Feedback and Auditing Reliance: High-quality key-rule rubrics and red-teaming workflows are essential to avoid model degeneration or unrecognized blind spots (Xu et al., 11 Nov 2025).

Further directions include multi-jurisdiction expansion, continual integration of regulatory updates, compositional reasoning over multiple rule-sources, adversarial detection of non-compliance, augmentation for non-English and multimodal alignment, and coupling with internal state interpretability or proof systems for enhanced verifiability (Seneque et al., 2024, Chung et al., 30 Oct 2025, Xu et al., 11 Nov 2025).

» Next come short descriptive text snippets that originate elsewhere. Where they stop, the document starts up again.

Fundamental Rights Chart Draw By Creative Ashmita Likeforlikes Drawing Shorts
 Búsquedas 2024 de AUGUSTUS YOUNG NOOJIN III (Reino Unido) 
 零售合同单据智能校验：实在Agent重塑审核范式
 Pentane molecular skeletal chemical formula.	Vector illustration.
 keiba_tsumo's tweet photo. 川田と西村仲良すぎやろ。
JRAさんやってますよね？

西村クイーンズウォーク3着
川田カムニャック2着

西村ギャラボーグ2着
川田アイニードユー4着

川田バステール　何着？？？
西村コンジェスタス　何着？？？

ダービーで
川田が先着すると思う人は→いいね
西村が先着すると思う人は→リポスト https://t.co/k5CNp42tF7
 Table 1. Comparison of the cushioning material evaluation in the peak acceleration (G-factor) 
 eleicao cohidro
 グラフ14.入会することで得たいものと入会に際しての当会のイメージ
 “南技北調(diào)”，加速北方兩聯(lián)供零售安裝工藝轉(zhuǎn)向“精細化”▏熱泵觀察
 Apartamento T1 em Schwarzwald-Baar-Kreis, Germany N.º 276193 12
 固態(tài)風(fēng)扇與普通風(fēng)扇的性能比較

7. Significance and Future Prospects

CALLMs represent a formal shift in LLM alignment: from heuristic, taxonomy-limited safety to systematic, auditable, and jurisdictionally anchored compliance. The approach offers improvements not only in model safety but also in transparency, explainability, and legal accountability. By anchoring model outputs in binding normative regimes and producing step-wise, citation-grounded rationales, CALLMs facilitate practical deployment in regulated domains and set a foundation for the next generation of trustworthy AI systems (Hu et al., 26 Sep 2025, Xu et al., 11 Nov 2025, Roy et al., 18 Dec 2025).